SUPPLIED INFORMATION>
──────

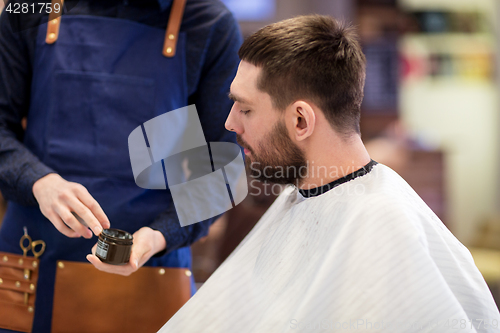 Image of barber showing hair styling wax to male customer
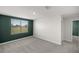 A bedroom with white walls, a large window letting in ample natural light, and neutral carpet flooring at 8617 Triumph Cir, Wildwood, FL 34785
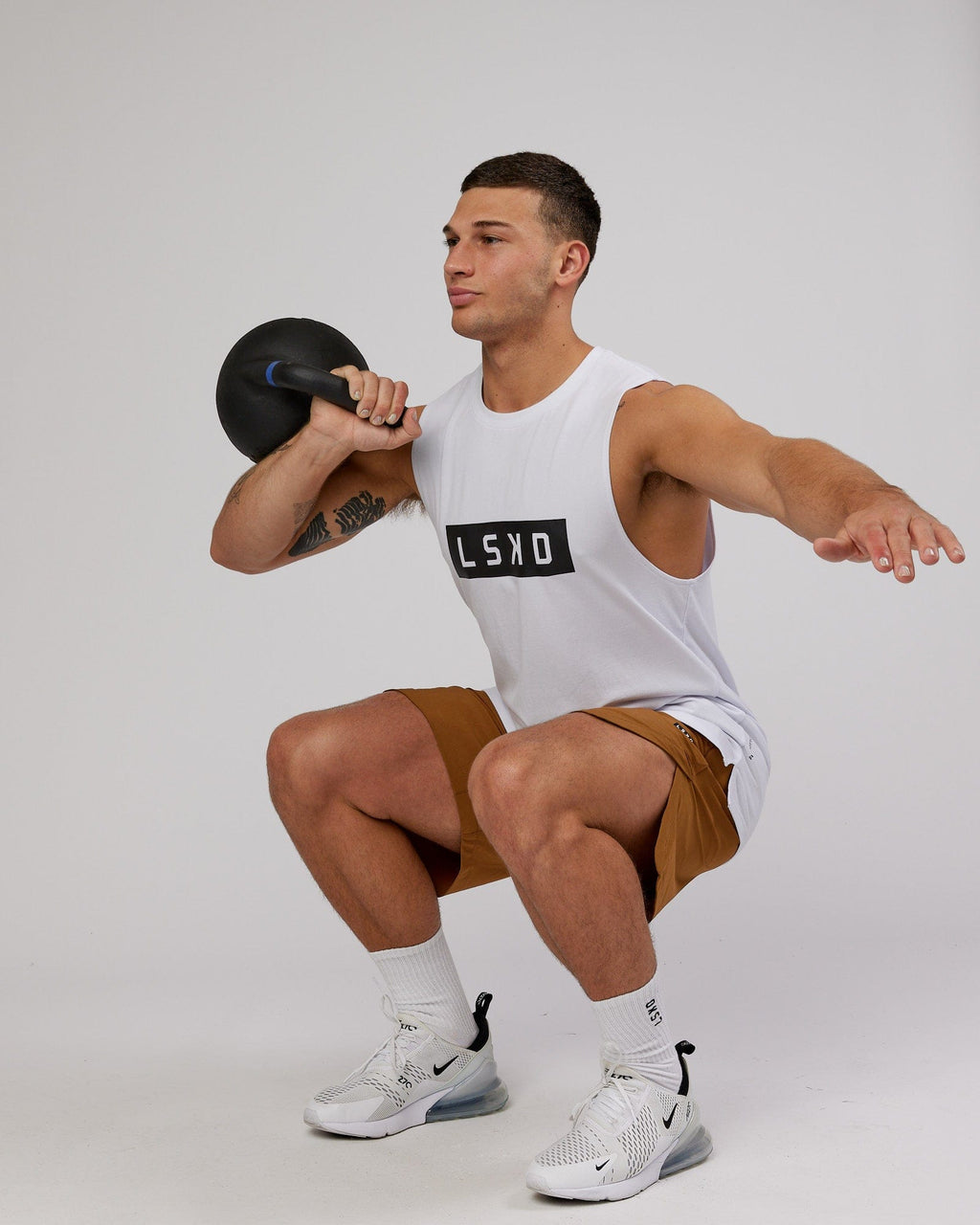 Model wearing Competition 8" Performance Short - Camel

──────

WORK TO COMPLETE>
Reproduce every line of the material precisely, omitting its pictures.

ANSWER BOX>
 Image of barber showing hair styling wax to male customer
 A bedroom with white walls, a large window letting in ample natural light, and neutral carpet flooring at 8617 Triumph Cir, Wildwood, FL 34785
 Model wearing Competition 8" Performance Short - Camel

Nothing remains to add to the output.